MATERIAL PROVIDED
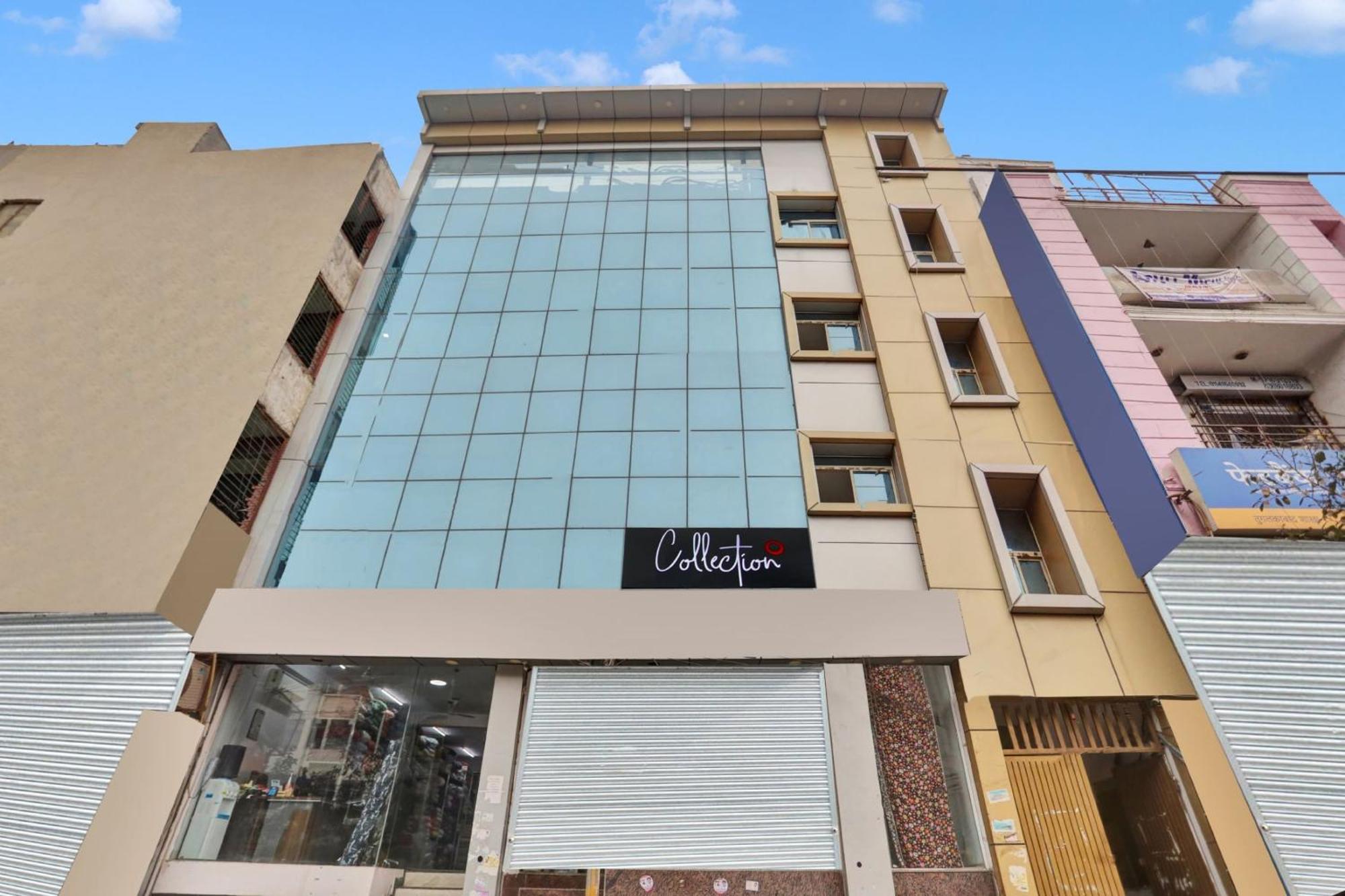 Hotel Super Townhouse The Arrow Near Lotus Temple Nueva Delhi Exterior foto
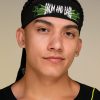 Mens * | Jarmoo New Biohazard Drum And Bass Silk Headband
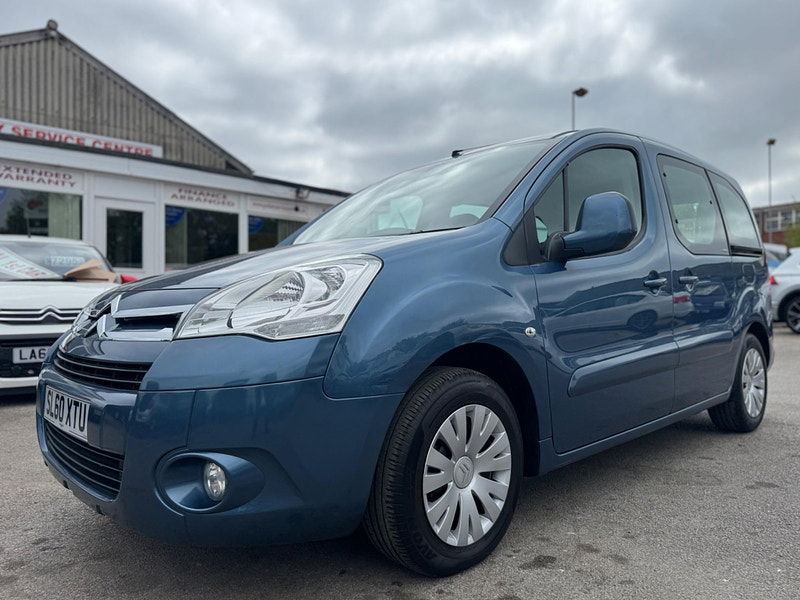 Citroen Berlingo 1.6 HDi VTR Multispace MPV Euro 4 5dr 5dr Manual 2025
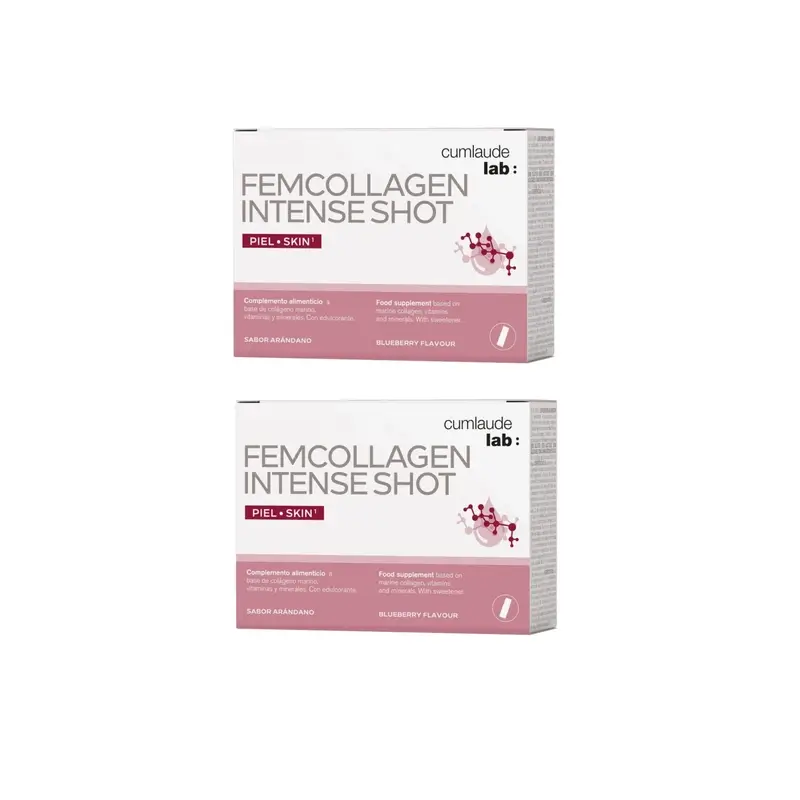 Cumlaude Lab Collagen Duplo Femcollagen Intense Shot , 2 x 7 viales
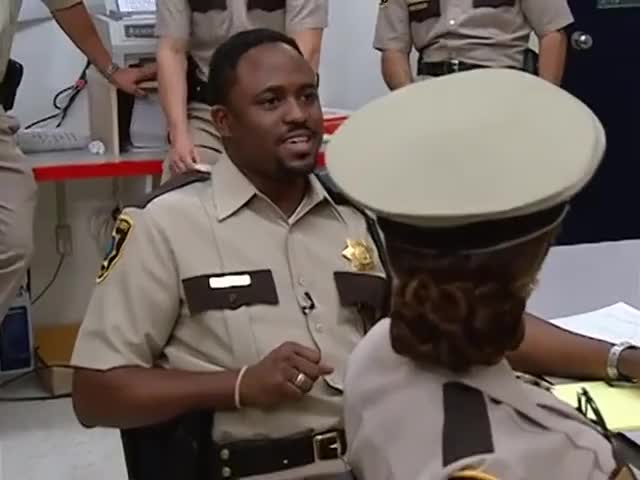 Clip of quote: "king of all that he sees and stopping that which is injustice."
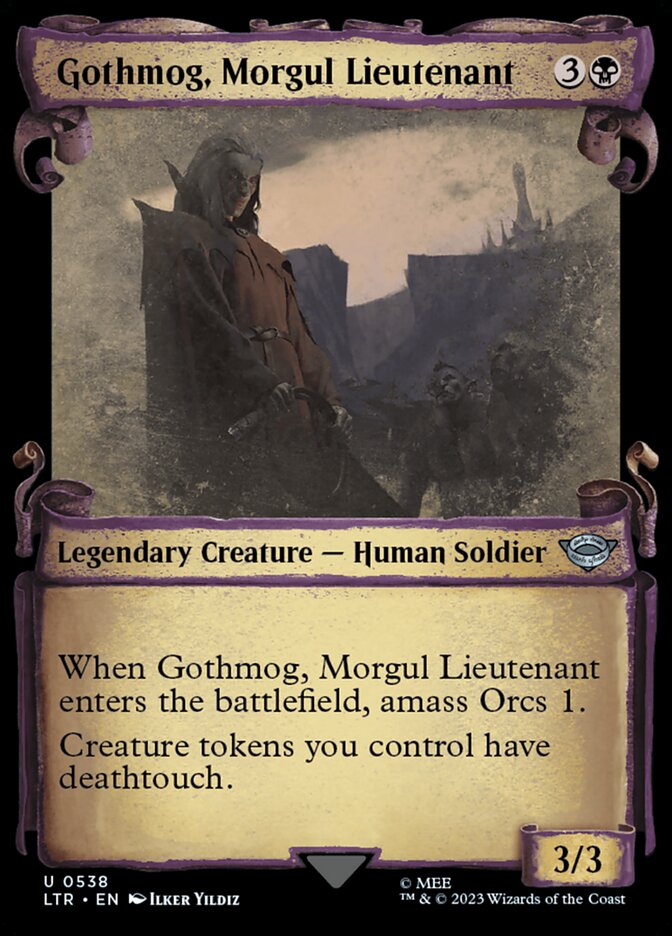 Gothmog, Morgul Lieutenant (538) - The Lord of the Rings: Tales of Middle-earth (LTR)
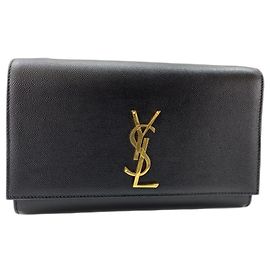 Borsa a Spalla Kate Medium Yves Saint Laurent Nero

EXERCISE GOAL
Begin with the line that has "Gothmog, Morgul Lieutenant" and continue to the last line of the entries, printing each line exactly and nothing else; include both ends and skip the pictures.

THE ANSWER
 Gothmog, Morgul Lieutenant (538) - The Lord of the Rings: Tales of Middle-earth (LTR)
 Borsa a Spalla Kate Medium Yves Saint Laurent Nero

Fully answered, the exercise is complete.